Qualquer arquitetura é exibicionista. Exposições não são simplesmente locais para apresentação da arquitetura, são locais para a incubação de novas formas de arquitetura e novos meios de se pensar sobre arquitetura [1] – Beatriz Colomina
Uma bienal de arquitetura pode ser mais do que um local para apresentar e celebrar o status quo da produção arquitetônica. O estado de exceção da Bienal é sua distância espacial de onde as pessoas normalmente tentam abrir espaço para examinar e questionar criticamente as condições da produção e do trabalho cotidianos. Contudo, tecnologicamente falando, hoje em dia é possível mais do que nunca antes, no entanto, nos anos recentes, a latitude criativa dos arquitetos têm sido bastante refreada por uma enorme —e crescente—pressão de regulamentações e regras. Contra este cenário, a exposição arquitetônica tem se tornado cada vez mais um meio relevante para uma prática crítica da arquitetura. Compreendido nestes termos, uma exposição não é mais apenas um local para representar arquitetura ex post facto, como ainda é vista hoje em dia. Em vez disso, o fato de que a autonomia do espaço da exposição e sua distância do mundo “real” da arquitetura pública e privada, tem um potencial que está sendo cada vez mais reconhecido e utilizado. Exposições estão se tornando um local para pesquisar e produzir uma prática arquitetônica experimental e crítica: um local não para a apresentação de produtos finalizados, mas para a produção de conteúdo. As limitações e licenças simultâneas para se vivenciar, emprestados pela exposição focado no objeto de pesquisa, permitindo a emergência de novas ideias, interpretações e significados. Isto remete a se questionar o suposto limite entre arquitetura e exposição. Investigação se torna uma forma de apresentação.
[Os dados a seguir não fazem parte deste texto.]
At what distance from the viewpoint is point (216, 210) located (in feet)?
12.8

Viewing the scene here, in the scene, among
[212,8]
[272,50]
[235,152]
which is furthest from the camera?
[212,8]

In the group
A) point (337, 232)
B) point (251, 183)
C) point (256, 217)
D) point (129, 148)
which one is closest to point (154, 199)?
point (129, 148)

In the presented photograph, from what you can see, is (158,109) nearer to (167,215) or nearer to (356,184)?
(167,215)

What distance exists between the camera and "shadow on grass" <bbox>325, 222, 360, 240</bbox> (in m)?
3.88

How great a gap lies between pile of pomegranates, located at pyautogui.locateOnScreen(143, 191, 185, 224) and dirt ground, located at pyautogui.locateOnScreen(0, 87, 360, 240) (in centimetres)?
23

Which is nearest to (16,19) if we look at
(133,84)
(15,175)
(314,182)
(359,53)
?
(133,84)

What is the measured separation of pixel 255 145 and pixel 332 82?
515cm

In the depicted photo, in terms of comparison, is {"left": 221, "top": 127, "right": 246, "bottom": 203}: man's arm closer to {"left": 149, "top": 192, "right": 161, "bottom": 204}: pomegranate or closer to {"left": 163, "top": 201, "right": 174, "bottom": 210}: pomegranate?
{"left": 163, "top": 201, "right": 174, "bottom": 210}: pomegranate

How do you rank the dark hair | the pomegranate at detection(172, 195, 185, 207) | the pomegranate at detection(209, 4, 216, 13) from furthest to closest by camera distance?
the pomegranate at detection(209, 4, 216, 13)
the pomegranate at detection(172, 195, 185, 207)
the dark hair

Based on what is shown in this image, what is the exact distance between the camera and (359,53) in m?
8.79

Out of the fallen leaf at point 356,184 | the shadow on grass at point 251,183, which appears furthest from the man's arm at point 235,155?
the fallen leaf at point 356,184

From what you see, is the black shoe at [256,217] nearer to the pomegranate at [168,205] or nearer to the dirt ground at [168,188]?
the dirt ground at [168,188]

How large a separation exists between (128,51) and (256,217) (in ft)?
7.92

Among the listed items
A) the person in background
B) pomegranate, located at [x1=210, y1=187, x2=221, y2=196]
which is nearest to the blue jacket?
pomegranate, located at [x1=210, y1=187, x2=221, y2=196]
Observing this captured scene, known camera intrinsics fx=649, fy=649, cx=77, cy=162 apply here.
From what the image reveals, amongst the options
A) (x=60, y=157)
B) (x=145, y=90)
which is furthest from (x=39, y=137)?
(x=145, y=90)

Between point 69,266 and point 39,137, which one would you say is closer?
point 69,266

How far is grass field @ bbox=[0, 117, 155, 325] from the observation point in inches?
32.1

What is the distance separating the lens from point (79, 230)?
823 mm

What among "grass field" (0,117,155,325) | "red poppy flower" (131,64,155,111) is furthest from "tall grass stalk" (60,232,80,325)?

Pensando sobre Incidental Space: A Exposição como Investigação
Até mesmo hoje, os pavilhões da Bienal tendem a montar exposições arquitetônicas relativamente clássicas, usando maquetes, desenhos e fotografias—mídia, em outras palavras, que se referem a uma realidade fora do espaço de exposição. Mas arquitetura também pode ser representada utilizando-se do próprio meio da arquitetura em si. É aqui que entra Christian Kerez: para ele, a exposição Incidental Space está na mesma altura que seus outros projetos arquitetônicos. Em qualquer um deles, a preocupação principal de Kerez, como arquiteto, é o conhecimento a ser ganhado em termos arquitetônicos.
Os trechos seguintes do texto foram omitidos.